Much to my surprise the “Note to Self” post last week was a hit! I had no idea it would strike a chord in so many of you. So I’ve decided maybe a weekly or every other week “Note to Self” is in order. I can’t thank you enough for those of you who sent me texts, emails, messages, etc. telling me how much that post resonated with you. And it never ceases to humble/amaze me when you share my posts to your Facebook pages. You don’t even know. That’s so kind and generous of you. Thank you.
Now, a note to self…
I mean, this face. Precious. Note the most annoying toy ever created right behind him. Chicken Dance Elmo. It still makes me twitch just thinking about it.
Dear 24 yr old self,
Look, I know you don’t want to but you really need to make some mom friends. Your 1 yr old can’t be the only person you talk to during the day besides your mom. Kyle travels all the time and your friends, well, they work “outside the home.” They do important things and talk to adults. You, on the other hand, feel like you’re becoming more socially awkward by the day. You have no idea what’s going on in the world outside of Sesame Street and Baby Einstein. (By the way, they proved later that Baby Einstein doesn’t in fact make your kid a genius. How many hours of our life was wasted watching a red ball roll across a black screen? Sigh.) Anyway, you need to know that what you’re doing matters. You are taking care of a little person. You keep him alive all day. It’s exhausting keeping someone alive. You feel completely unproductive because at the end of the day all you can check off your list is changing diapers, feeding the baby, and trying to make dinner. Other than that, you don’t know what you do all day. You don’t feel like you can talk about it with your friends that work and don’t have kids. They would think you’re lame and lazy.
Playdates make you cringe in all of your insides. Sitting around with moms you don’t know comparing everyone’s babies, or worse, comparing yourself to the other moms and feeling inadequate because you don’t breastfeed or make your own baby food. No thanks. I know they aren’t your thing but who says you have to play the comparison game? You could be the one to change the subject and talk about something else. Or better yet, you could be honest about how lonely you are. You could tell the other moms you feel like you’re on an island. With a baby. And no search party is looking for you. You could do this and maybe you would find out someone else feels this way too. By going first, you could give another mom the opportunity to say “Me too.” Isn’t that what you want? A “me too” lets you know you’re not alone on the island. A “me too” is hope. Allow someone the privilege to be honest.

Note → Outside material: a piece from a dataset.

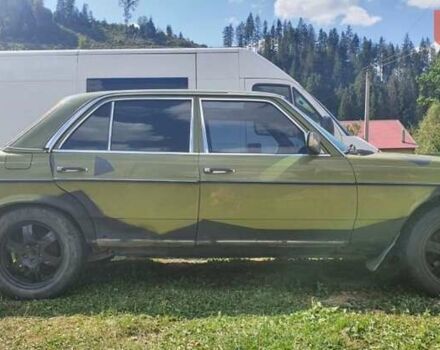 Зеленый Мерседес Е-Класс, объемом двигателя 0 л и пробегом 30 тыс. км за 1250 $, фото 2 на Automoto.ua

Your 35 year old self is learning for the first time that being vulnerable is a gift you give someone else. It seems backwards but being vulnerable is quite powerful. It gives others courage to do the same. You won’t always feel like you’re on an island; it will get better with time and more children. I promise it doesn’t turn into a Lord of the Flies situation. Your life will be so much fuller when you realize honesty about where you’re at is better than being “strong” and silent. Being strong is only hiding who you are. You have wings that you don’t even know about and one day you’re going to fly.
Now go take care of that baby. Walk him in the stroller and tell him about your day. Make funny faces at him and talk in the funny voice he likes. He thinks you’re a riot. It sort of makes all the crying and spit up and dirty diapers worth it.
Your 35 yr old self
P.S. That little 1 yr old is now 11 and wears the same size shoe as you do. He’s got a thing for video games and knows everything, EVERYTHING, about sports. It’s like living with a Sportcenter commentator. He’s pretty great and still the sweetest boy you know.